Les littératures maudites. L’Œil du Sphinx était dans les brumes et regardait Marlin

Jean-Pierre Bacot

 

Le milieu éditorial des revues et collections spécialisées dans la littérature dite populaire est bien connu des lectrices et lecteurs de ce blog, notamment avec les revues Rocambole et Quinzinzinzili dont nous rendons régulièrement compte du contenu. Nous voudrions parler ici d’une partie passionnante de l’activité débordante de Philippe Marlin et sa petite équipe de passionnés à la tête de L’Œil du sphinx (ODS). L’association, couplée à une maison d’édition a été créée en 1989 et on lui doit déjà pas moins de 140 titres, nonobstant la revue annuelle Historia Occultae, née en 2010 dont nous reparlerons un jour prochain à propos du numéro 10 qui vient de sortir. Il s’agit, pour ce qui nous intéresse ici, d’une série de salons/colloques qui se sont traduits et se traduiront à chaque fois par un ouvrage consacré aux « littératures maudites ». Pour les spécialistes, on signalera qu’une autre numérotation existe, probablement ésotérique, celle des études du Dr Armitage, Lovecraft héritant  à ce propos du numéro 5.

 

Sous l’égide de ce mystérieux docteur sont également parus, parmi de nombreux titres : Imaginaire et maçonnerie (Philippe Marlin et Lauric Guillaud), Le polar ésotérique (colloque 2015), The Watan Origin : la géopolitique sous les regards de la science, de l'ésotérisme et de la littérature (Philippe Marlin), Lectures croisées d’un imaginaire du temps (Georges Bertin).

 

Le premier opus de la série « les littératures maudites », sorti en 2017 avec les actes du colloque qui s’était tenu l’année précédente à la médiathèque Voyelles de Charleville Mézières est donc consacré à l’oeuvre d’Howard Philips Lovecraft (1890-1947).
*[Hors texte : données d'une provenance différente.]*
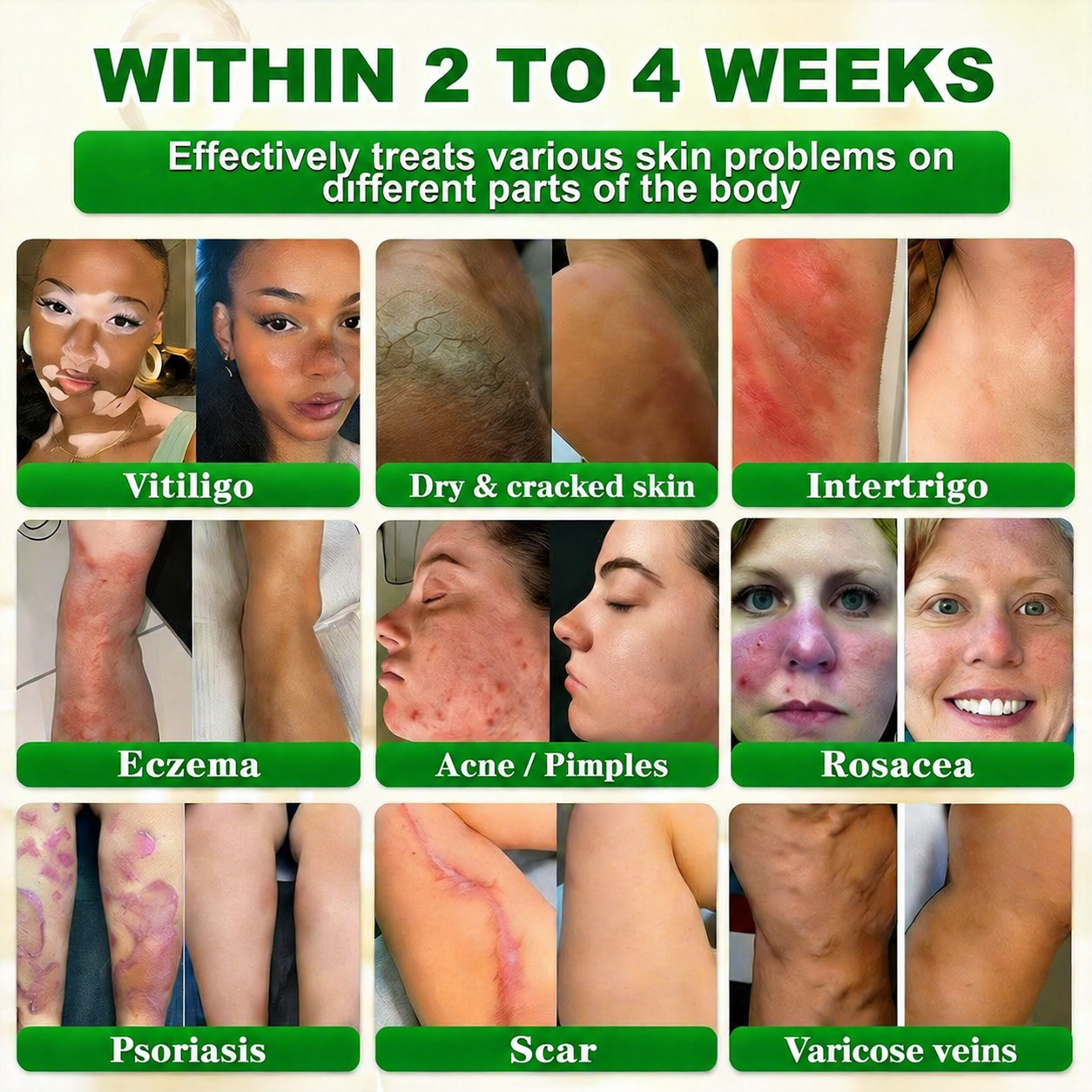 Made and Shipped from USA ✨REPAIRSKINS® Biotin 10-in-1 Skin Restoration Cream 🍀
Jacques Bergier n’est pas pour rien dans la mise en lumière de cet auteur majeur dont certains spécialistes découpent l’œuvre en trois périodes : celle de la rédaction des histoires macabres (1905-1920), celle du cycle onirique (1920-1927) et celle du mythe de Cthulhu (1927-1935). On notera qu’une opération de crowdfunding a été lancée pour une nouvelle traduction de l’ensemble de son œuvre. C’est dire si le succès de ce grand producteur d’imaginaire ne se dément pas en France, ni d’ailleurs sous d’autres cieux. C’est lui qui, avec John Ronald Reuel Tolkien (1892-1973), est à l’origine depuis trois quarts de siècle d’un renouveau de la littérature dite populaire.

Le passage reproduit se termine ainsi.